The Nigeria Police Force (NPF) has filed a suit at the Federal High Court in Abuja seeking to scrap the judicial panels of inquiry set up by state governments to probe allegations of rights abuses and other acts of police brutality following the nationwide #EndSARS protests.

#EndSARS: Nigerian Police Ask Court To Stop Judicial Panels’ Probes Against Human Rights Abuses 1

In the suit marked FHC/ ABJ/CS/1492/2020, the police argued that the state governments lacked the power to constitute the panels to investigate activities of the police force and its officials in the conduct of their statutory duties.
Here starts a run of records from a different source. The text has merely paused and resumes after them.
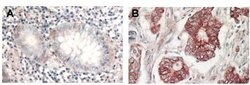 AKT Polyclonal Antibody, Rockland:Antibodies:Primary Antibodies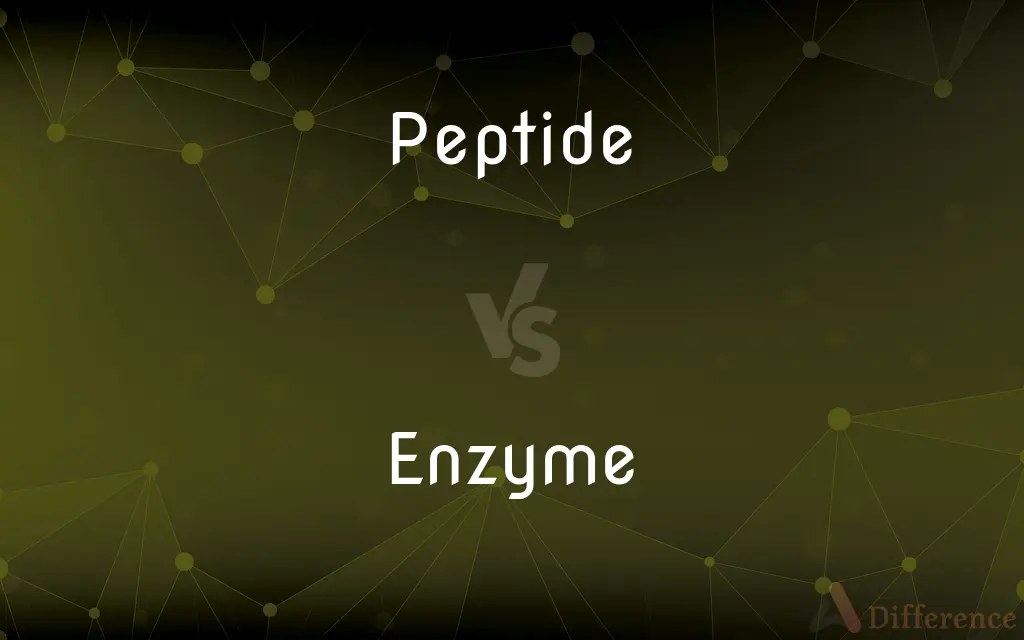 Peptide vs. Enzyme — What's the Difference?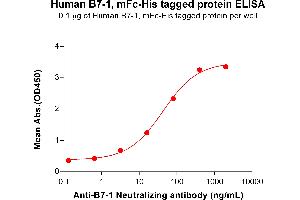 ELISA image for CD80 (CD80) (AA 35-242) protein (mFc-His Tag) (ABIN6964082)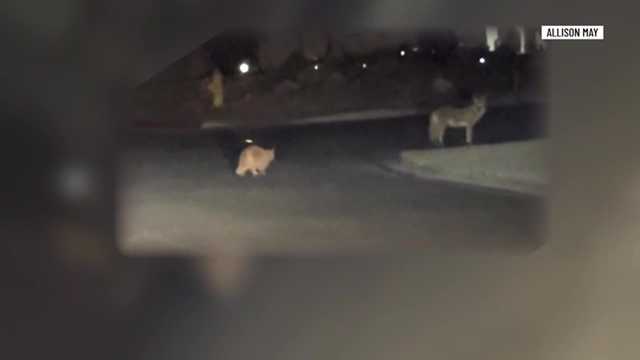 Cat in Nevada follows coyote in viral video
The NPF, through their lawyer, Mr O. M. Atoyebi, urged the court to restrain the Attorneys-General of the 36 states of the federation and their various panels of inquiry from going ahead with the probe focussing on police impunity.

The Police said that the state governments’ decision to set up such panels violated the provisions of section 241(1)(2)(a) and Item 45, Part 1, First Schedule to the Constitution and Section 21 of the Tribunals of Inquiry Act.
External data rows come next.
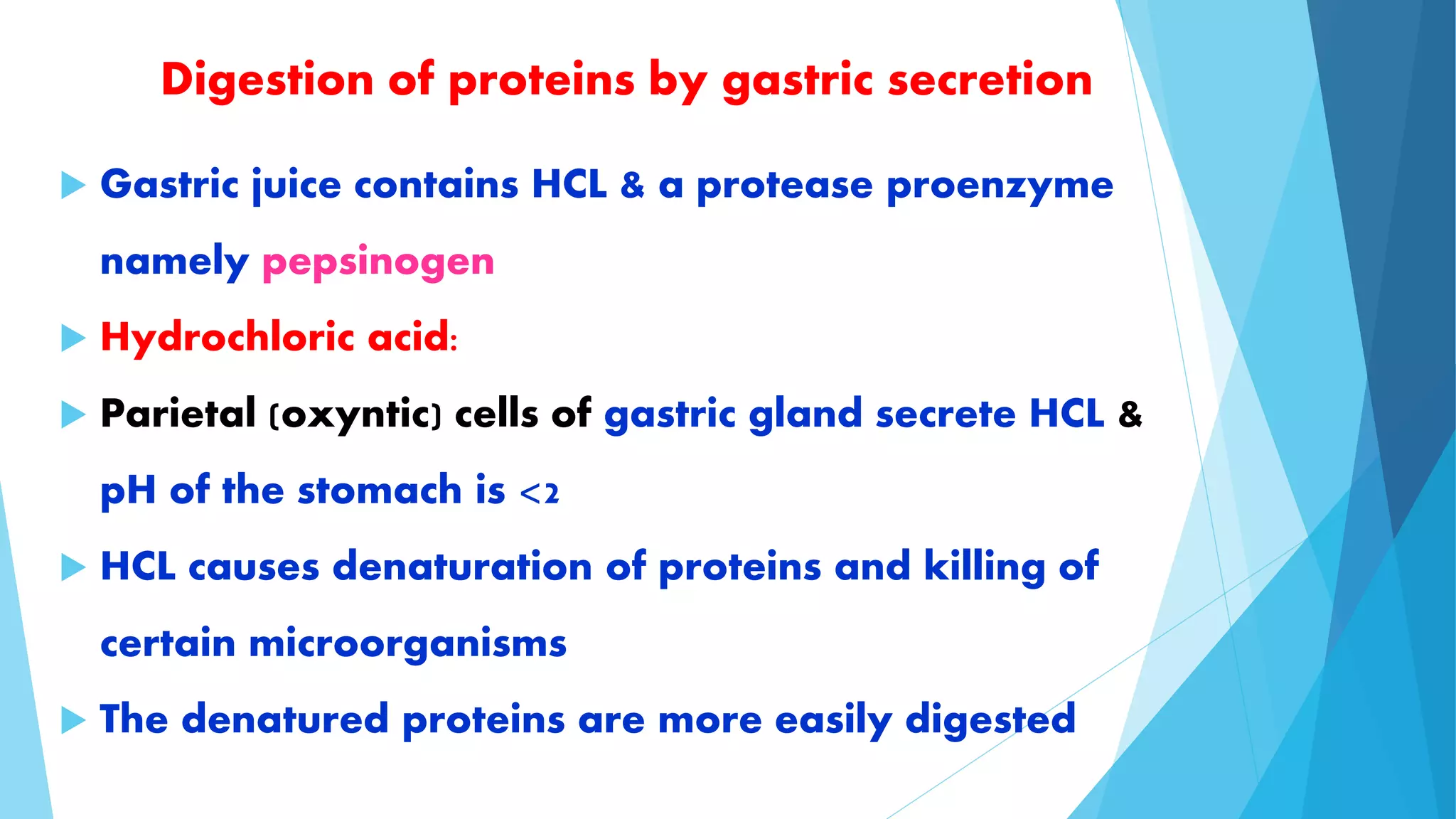 Digestion of proteins by gastric secretion 
 Gastric juice contains HCL & a protease proenzyme 
namely pepsinogen 
 Hydrochloric acid: 
 Parietal (oxyntic) cells of gastric gland secrete HCL & 
pH of the stomach is <2 
 HCL causes denaturation of proteins and killing of 
certain microorganisms 
 The denatured proteins are more easily digested 
 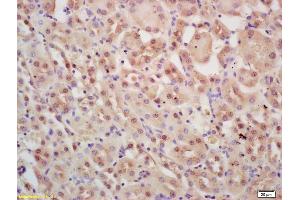 Formalin-fixed and paraffin embedded mouse kidney labeled with Rabbit Anti INTS3 Polyclonal Antibody, Unconjugated (ABIN1387357) at 1:200 followed by conjugation to the secondary antibody and DAB staining (INTS3 抗体  (AA 960-998))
The Force argued that by virtue of the provisions of 241(1)(2)(a) and Item 45, Part 1, First Schedule to the Nigerian Constitution only the Federal Government had exclusive power to “organise, control and administer the Nigeria Police Force”.

It, therefore, urged the court to declare that “the establishment of a panel of inquiries by the governors of the various states of the federation of Nigeria, to inquire into the activities of the Nigeria Police Force in relation to the discharge of her statutory duties is a gross violation of the provisions of Section 241 (1)(2) (a) and Item 45, Part 1, First schedule, 1999 Constitution of the Federal Republic of Nigeria (as amended) and Section 21 of the Tribunals of Inquiry Act, Cap.T21, Laws of the Federation of Nigeria, 2004”.

The plaintiff also urged the court to declare that “having regard to the circumstances of this case, the attitude of the governors of the various states of the Federation of Nigeria, in this case, is unconstitutional, illegal, null and void and of no effect whatsoever”.

It sought an order of perpetual injunction restraining the 3rd to 38th defendants (the state Attorneys-General of the 36 states) “from making or conducting any investigations, sittings, and inquiries and from making or conducting any further investigations, sittings and inquiries in respect of matters affecting the Nigeria Police Force, and or further setting up any panel of inquiry in any state whatsoever in the country”.

Although the case was listed for December 3, it has been rescheduled for December 18 as the court where the matter was listed did not sit.

The defendants who were sued by the NPF, include the Attorney-General of the Federation (AGF), the National Human Rights Commission (NHRC) which set up the Independent Investigative Panel sitting in Abuja, the Attorneys-General of the 36 states, and chairmen of the states’ panels.

KanyiDaily recalls that following the #EndSARS protests, state governors were directed by the National Economic Council (NEC) to establish judicial panels across the country in a move to deliver justice for all victims of the disbanded special anti-robbery squad (SARS) and other police units.